Thank you for this nice model. Could you make a q8 gguf, please?

#2
by NikolayKozloff - opened

You can use the sample colab sheets shared to convert the models to gguf. Unsloth uses Llama.cpp to convert the models. The below code will do the conversion

Whichever quantization you want you can replace the corresponding False to True.

Save to 8bit Q8_0

if False: model.save_pretrained_gguf("model", tokenizer,)
if False: model.push_to_hub_gguf("hf/model", tokenizer, token = "")

Save to 16bit GGUF

if False: model.save_pretrained_gguf("model", tokenizer, quantization_method = "f16")
if False: model.push_to_hub_gguf("hf/model", tokenizer, quantization_method = "f16", token = "")

Save to q4_k_m GGUF

if False: model.save_pretrained_gguf("model", tokenizer, quantization_method = "q4_k_m")
if False: model.push_to_hub_gguf("hf/model", tokenizer, quantization_method = "q4_k_m", token = "")

The free version of colab (T4 GPU) is taking about 20 minutes to build the GGUF file.

Unsloth AI org

You can use the sample colab sheets shared to convert the models to gguf.

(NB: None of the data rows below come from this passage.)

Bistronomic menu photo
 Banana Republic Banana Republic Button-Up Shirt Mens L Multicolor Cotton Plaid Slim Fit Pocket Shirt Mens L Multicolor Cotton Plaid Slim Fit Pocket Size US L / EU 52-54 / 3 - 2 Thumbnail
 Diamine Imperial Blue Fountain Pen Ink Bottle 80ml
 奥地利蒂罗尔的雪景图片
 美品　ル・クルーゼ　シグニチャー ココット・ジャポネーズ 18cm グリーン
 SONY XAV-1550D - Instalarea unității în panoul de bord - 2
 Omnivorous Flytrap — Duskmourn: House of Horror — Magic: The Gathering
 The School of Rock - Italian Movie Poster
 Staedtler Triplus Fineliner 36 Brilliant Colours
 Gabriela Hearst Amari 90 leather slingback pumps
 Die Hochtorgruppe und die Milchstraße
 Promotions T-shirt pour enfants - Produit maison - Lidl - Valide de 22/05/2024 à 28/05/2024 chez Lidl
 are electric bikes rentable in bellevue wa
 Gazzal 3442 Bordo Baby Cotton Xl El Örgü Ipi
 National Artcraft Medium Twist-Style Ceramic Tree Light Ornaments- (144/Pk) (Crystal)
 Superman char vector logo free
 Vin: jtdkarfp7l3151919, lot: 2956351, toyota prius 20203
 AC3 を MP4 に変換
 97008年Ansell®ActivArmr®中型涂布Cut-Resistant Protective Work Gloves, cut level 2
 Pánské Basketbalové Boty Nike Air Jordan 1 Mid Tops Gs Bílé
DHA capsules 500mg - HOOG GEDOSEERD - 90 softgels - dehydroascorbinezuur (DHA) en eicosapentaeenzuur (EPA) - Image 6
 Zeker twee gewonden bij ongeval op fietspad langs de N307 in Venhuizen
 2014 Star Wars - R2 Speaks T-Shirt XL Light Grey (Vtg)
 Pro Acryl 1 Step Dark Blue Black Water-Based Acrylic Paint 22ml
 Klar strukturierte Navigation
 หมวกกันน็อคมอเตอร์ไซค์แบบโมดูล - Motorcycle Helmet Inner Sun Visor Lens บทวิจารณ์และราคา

Unsloth uses Llama.cpp to convert the models. The below code will do the conversion

Whichever quantization you want you can replace the corresponding False to True.

Save to 8bit Q8_0

if False: model.save_pretrained_gguf("model", tokenizer,)
if False: model.push_to_hub_gguf("hf/model", tokenizer, token = "")

Save to 16bit GGUF

if False: model.save_pretrained_gguf("model", tokenizer, quantization_method = "f16")
if False: model.push_to_hub_gguf("hf/model", tokenizer, quantization_method = "f16", token = "")

Save to q4_k_m GGUF

if False: model.save_pretrained_gguf("model", tokenizer, quantization_method = "q4_k_m")
if False: model.push_to_hub_gguf("hf/model", tokenizer, quantization_method = "q4_k_m", token = "")

Thanks for helping out as always ewre! ❤️

The free version of colab (T4 GPU) is taking about 20 minutes to build the GGUF file.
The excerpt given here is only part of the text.